Africa Rising celebrates International Day for Biological Diversity with programme launch, joint declaration

Release of ‘Declaration on biodiversity information for sustainable development in Africa’ closes international conference and first regional meeting for new BID programme

Nearly 100 delegates representing dozens of national agencies, international organizations and research institutions marked the United Nations’ International Day for Biological Diversity while concluding a four-day conference in Cape Town Friday,

Attendees convened at Kirstenbosch National Botanical Garden for Africa Rising: Mobilising Biodiversity Data for Sustainable Development, an engaging, intensive work session led by the South African National Biodiversity Institute (SANBI).

The event culminated with the release of a ‘Declaration on biodiversity information for sustainable development in Africa’, a joint statement of intent developed by participants during the conference. The declaration’s release on International Day for Biological Diversity carries added poignancy given that the theme for UN’s 2015 occasion is ‘Biodiversity and Sustainable Development’.

Friday also saw the formal launch Biodiversity Information for Development, or BID. Funded by the European Union and led by GBIF, this programme will focus on increasing the mobilization and use of biodiversity data for policy and research in the ‘ACP countries’ of Africa, the Caribbean and the Pacific. Africa Rising provided the occasion for the first of BID’s three planned regional meetings.

Text of the declaration follows.

Africa Rising was organized and hosted by SANBI with support from GBIF, the JRS Biodiversity Foundation, RESILIM: USAID Resilience in the Limpopo Basin, and the United Nations Environment Programme – World Conservation Monitoring Centre (UNEP-WCMC).


Declaration on biodiversity information for sustainable development in Africa

On this International Day for Biological Diversity in 2015, we the participants of the conference, Africa Rising: Mobilising Biodiversity Data for Sustainable Development, held in Cape Town, South Africa, from 19 to 22 May 2015, agree that the quality of decision-making relies on the quality of information considered and hereby declare our vision for 2030 as a world in which biodiversity information contributes fully to sustainable development in Africa. Specifically, we desire that:

  • Governments subscribe to the principle of free and open access to biodiversity information;

  • Policymakers are adequately informed to respond effectively to global environmental change;

  • Countries are sufficiently capacitated to measure and track the status and trends of biodiversity and ecosystem services;

  • Biodiversity considerations are mainstreamed into all planning decisions; and

  • All sectors of society can contribute towards and benefit from a global pool of biodiversity knowledge derived from Earth observations.

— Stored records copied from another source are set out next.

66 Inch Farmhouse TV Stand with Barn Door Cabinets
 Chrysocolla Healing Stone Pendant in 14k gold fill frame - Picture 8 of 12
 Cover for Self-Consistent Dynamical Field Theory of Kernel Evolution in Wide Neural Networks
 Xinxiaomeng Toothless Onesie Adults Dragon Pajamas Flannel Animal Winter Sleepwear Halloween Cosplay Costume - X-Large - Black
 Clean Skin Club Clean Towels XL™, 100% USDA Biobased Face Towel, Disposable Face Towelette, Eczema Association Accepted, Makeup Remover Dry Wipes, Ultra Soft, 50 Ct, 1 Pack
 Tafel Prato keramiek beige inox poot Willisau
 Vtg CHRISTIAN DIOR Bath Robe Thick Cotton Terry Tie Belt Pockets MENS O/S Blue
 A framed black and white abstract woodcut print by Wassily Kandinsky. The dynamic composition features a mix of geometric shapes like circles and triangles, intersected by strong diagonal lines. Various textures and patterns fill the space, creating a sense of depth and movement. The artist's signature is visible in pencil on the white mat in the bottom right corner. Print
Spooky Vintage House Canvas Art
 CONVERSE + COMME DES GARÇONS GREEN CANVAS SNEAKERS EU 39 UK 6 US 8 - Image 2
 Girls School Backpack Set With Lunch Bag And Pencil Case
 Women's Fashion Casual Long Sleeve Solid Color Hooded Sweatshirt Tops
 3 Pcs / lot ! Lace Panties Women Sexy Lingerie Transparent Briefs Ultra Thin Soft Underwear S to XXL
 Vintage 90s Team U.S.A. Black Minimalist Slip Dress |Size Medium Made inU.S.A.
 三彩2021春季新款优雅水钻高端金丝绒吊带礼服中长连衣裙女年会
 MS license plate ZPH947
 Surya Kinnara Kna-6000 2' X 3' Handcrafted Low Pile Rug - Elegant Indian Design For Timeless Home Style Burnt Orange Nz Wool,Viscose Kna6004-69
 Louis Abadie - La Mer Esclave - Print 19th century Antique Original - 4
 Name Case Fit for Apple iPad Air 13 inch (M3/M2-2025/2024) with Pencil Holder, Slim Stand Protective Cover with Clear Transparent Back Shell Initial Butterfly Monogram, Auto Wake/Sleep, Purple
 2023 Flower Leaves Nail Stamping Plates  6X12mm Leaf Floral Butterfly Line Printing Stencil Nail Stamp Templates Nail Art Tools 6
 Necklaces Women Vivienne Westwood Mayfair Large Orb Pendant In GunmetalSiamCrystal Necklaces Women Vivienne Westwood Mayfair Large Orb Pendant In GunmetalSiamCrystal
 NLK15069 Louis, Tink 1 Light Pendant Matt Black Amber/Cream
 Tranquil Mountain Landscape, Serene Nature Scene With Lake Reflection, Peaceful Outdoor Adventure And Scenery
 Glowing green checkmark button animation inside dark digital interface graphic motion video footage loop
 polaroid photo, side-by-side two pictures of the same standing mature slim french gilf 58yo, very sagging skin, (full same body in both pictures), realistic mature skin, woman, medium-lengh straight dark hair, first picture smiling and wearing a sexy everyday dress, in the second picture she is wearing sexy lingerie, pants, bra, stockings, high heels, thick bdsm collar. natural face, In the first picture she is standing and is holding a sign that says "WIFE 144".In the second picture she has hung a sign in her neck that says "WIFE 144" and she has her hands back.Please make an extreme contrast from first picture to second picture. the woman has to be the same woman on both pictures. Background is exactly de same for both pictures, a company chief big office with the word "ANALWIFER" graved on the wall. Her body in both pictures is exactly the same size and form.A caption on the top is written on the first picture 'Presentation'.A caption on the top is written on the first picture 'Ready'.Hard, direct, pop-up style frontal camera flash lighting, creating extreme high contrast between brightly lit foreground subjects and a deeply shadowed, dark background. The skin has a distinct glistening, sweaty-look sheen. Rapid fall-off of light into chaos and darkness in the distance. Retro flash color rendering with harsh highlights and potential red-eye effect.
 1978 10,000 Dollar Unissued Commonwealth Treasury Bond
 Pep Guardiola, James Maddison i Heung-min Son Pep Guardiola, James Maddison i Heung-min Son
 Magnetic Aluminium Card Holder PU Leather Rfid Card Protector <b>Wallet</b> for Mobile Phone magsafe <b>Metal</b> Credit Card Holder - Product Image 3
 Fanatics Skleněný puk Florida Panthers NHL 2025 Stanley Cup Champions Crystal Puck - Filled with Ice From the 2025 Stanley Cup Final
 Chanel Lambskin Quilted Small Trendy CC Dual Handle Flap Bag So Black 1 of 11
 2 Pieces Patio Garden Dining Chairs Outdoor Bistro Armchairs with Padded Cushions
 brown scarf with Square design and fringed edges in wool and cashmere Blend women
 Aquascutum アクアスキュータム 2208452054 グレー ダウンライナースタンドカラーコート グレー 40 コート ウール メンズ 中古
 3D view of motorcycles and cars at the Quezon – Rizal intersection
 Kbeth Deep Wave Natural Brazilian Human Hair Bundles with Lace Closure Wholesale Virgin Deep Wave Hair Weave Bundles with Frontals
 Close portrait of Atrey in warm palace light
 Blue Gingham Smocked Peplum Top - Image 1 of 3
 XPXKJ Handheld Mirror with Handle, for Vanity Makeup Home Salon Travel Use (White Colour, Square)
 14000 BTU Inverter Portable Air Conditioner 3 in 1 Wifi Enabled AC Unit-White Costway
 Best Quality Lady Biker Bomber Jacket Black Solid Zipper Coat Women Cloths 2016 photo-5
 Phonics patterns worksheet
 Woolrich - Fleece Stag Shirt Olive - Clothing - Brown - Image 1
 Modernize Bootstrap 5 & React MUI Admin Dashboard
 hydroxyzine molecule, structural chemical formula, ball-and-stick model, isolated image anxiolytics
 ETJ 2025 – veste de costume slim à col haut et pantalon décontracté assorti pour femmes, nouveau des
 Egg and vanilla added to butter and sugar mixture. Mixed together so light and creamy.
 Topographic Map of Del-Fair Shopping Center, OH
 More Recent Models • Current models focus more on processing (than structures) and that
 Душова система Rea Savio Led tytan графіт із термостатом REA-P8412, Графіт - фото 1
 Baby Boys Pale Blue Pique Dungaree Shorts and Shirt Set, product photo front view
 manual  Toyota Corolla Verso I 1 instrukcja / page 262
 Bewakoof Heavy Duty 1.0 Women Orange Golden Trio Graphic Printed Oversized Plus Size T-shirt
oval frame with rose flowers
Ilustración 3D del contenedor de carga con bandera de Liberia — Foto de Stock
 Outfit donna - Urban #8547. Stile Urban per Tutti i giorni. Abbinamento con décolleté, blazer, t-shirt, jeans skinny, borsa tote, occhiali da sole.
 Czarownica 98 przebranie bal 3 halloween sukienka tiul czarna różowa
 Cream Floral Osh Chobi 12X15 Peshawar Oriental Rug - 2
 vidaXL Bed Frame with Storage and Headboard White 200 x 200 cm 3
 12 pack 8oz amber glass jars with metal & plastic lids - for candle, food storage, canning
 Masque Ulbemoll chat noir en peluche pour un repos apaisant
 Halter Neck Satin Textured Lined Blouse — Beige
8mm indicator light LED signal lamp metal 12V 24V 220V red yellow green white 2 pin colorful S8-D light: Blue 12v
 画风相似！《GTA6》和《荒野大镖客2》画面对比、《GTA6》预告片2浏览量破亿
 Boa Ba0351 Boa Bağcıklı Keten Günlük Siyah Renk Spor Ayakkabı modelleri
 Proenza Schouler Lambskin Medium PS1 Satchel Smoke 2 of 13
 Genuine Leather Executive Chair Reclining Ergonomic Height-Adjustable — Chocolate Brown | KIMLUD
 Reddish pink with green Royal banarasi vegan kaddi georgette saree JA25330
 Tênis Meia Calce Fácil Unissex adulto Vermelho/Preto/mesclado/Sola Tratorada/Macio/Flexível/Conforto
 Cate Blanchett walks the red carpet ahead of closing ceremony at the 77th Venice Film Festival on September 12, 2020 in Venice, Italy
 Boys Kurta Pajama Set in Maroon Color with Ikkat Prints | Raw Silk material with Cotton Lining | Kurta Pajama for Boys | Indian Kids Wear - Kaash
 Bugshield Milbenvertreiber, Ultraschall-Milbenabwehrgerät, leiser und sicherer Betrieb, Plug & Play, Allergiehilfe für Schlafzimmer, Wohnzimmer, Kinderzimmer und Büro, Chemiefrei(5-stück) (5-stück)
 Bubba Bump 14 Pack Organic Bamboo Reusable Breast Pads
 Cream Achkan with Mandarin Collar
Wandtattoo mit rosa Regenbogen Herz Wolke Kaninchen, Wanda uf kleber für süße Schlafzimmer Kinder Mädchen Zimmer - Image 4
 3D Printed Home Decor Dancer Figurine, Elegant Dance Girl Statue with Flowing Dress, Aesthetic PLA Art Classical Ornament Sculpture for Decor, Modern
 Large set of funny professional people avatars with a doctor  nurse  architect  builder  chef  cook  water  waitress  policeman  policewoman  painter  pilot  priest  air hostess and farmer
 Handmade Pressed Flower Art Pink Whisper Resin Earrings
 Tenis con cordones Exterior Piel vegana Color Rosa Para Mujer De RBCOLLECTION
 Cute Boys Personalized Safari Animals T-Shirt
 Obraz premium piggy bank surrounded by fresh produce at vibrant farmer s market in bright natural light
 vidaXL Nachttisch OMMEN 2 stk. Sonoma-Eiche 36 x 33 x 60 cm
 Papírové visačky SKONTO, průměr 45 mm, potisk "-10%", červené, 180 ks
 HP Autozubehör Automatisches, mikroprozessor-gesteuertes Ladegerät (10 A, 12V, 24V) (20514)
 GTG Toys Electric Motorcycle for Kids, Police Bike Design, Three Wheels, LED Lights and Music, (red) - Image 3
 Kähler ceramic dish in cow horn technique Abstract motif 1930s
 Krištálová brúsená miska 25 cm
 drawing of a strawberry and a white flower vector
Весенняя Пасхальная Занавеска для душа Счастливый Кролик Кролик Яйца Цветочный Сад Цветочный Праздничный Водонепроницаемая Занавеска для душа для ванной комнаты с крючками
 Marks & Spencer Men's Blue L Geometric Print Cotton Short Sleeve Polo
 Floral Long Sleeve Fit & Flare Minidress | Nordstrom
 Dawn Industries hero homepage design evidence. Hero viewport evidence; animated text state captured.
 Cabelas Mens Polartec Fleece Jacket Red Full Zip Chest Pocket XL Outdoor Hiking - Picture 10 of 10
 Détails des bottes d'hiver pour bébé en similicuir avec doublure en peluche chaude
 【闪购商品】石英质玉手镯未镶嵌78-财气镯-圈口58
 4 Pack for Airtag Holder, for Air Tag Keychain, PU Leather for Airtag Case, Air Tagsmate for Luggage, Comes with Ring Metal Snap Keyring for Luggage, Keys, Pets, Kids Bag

Biodiversity is the bedrock of sustainable development. In Africa, biodiversity makes a profound contribution to human wellbeing and security, underpinning vital sectors including agriculture, fisheries, forestry, water, public health, tourism and energy. Next to our people, biodiversity is our greatest asset. If managed wisely, it could bring about a surge in green economic opportunities, strengthening the resilience of livelihoods, and catalysing sustainable development across the continent.

Data is the currency of the information age. The global data revolution presents new opportunities for evidence-based decision-making, active citizenship, technology transfer, education and research.

Critical data-deficits impair decision-making. Achieving sustainable development in Africa will require relevant reliable biodiversity information as well as tailored products and services to be made available to researchers, natural resource managers and policymakers in consumable forms.

Regional cooperation can spur coordinated action. By working together we can pool resources, share expertise, enhance capacity and efficiently progress towards the following goals:

  • Evidence-based decision-making supported by coordinated science-policy dialogue within and outside the biodiversity sector;

  • Capacity building across the information value chain to empower stakeholders to produce and make accessible accurate biodiversity data for sustainable development;

  • Mobilize and make openly accessible relevant biodiversity data to support education, research and decision-making for sustainable development;

  • Leverage sustained funding.

Africa could lead the world in biodiversity information management. Our continent is bursting with human ingenuity and brimming with natural resource wealth. Let us unlock the potential of biodiversity information to help secure a sustainable future for all. It is our responsibility.